The results were overwhelmingly positive according to Kendricks, who returns to training camp weighing a sculpted 252 pounds, up from about 247 last year.
“I think more so this year compared to last year I noticed a lot when I am tired I am not as focused so I really worked on that this year,” Kendricks said. “When I am tired I try to really stay focused and just kind of keep my head in there.”
Upon his return to St. Louis, Kendricks entered this training camp with something to prove – namely that he could be the player who flashed so much potential in his rookie training camp.
After the dynamic 2011 preseason in which he posted 11 catches for 155 yards and three touchdowns in limited time, Kendricks finished with a disappointing 28 catches for 352 yards and no scores in the regular season.
Along the way, Kendricks had some key drops, including what likely would have been a touchdown in the season opener against Philadelphia. From there, Kendricks never quite seemed to get his confidence back to where it had been coming off the preseason.

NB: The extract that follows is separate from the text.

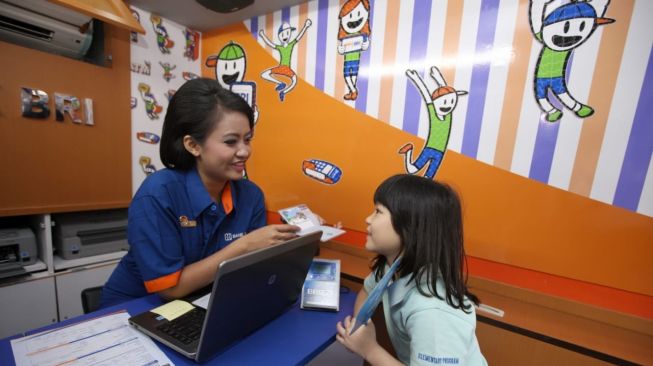 Tingkatkan Kualitas SDM, BRI Berikan Beasiswa untuk Pelajar Berprestasi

“I think I definitely learned a lot,” Kendricks said of his rookie season. “I think had a lot on my shoulders and a lot I wasn’t able to overcome. I tried to control what I could do and I just tried to play as hard as I could for the time I was on the field.”
So far in this training camp and preseason, that self-belief seems to be coming back to Kendricks. Buoyed by a full offseason program – something he didn’t have as a rookie - he’s been solid on the practice field and has four catches for 52 yards and a 23-yard touchdown catch in his limited action through two preseason contests.
“Camp is going well,” Kendricks said. “I’m feeling confident. I’m feeling a lot more in shape, feeling better. I think that’s (from) staying focused, keeping my head in the playbook and trying to learn the offense.”
The offense of new coordinator Brian Schottenheimer figures to use multiple tight ends more often than not. Kendricks has emerged as one of the tight ends who will play the most.
Coach Jeff Fisher said Kendricks is giving the Rams what they’re looking for from the tight end position right now.
“He’s getting coached right now and he’s doing the right thing,” Fisher said. “I don’t have any reason to think there will be a fall off or a drop off in production. He’s having a lot of fun out there. He’s blocking well. Obviously, he likes making plays and he can make plays.”